Most people do not realize that finishing a partially started pond almost always means starting over from the very beginning.
Why Homeowners Think a Pond Can Be “Finished” Instead of Rebuilt
In Minnesota, it is common to see both older homes and newly landscaped yards with:
- Rain gardens
- Decorative rock basins
- Shallow depressions for runoff
- Dry creek beds
- Retention ponds
To most people, these already look like a pond that simply has not been completed yet. The shape is there. The hole is there. The rocks are there. It feels like the rest of the project should be quick.
But this assumption leads to the first misunderstanding: A water feature is not made by simply adding a liner. In reality, a real water feature is made by everything under the liner and up.

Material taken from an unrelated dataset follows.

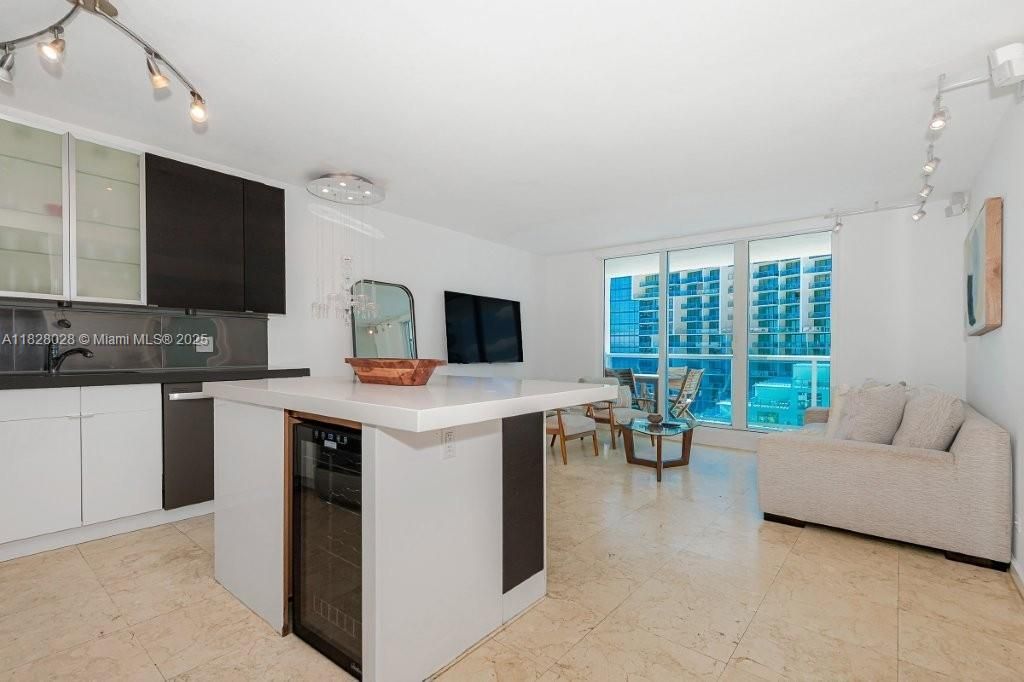 2301 Collins Ave, Unit 705, Miami Beach, FL 33139 Photo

This is the part no one sees until the soil is open and the equipment is out. By the time the typical homeowner calls us, they have no idea that their decorative water depression was doing the important job of keeping water away from their home or letting rain soak safely into the land without turning their backyard into a swamp. Turning that space into a sealed water system can create problems that are far more serious than the inconvenience of a dry pond.
Why a Liner Is Not a Final Step, It Is the First Step
A koi pond or water garden is not created from the top down. It is created from the bottom up. The liner is the foundation of the entire system. Everything else depends on what is surrounding these few layers.
A correctly built pond build always requires the same sequence. It does not matter whether the area is untouched lawn or a partially started project. The steps never change.
- A proper excavation that is shaped for water pressure, fish safety, and structural longevity.
- A high quality, professional grade underlayment to protect the liner from punctures.
- A heavy duty EPDM liner with the right dimensions and slack.
- Protective top side underlayment in critical areas.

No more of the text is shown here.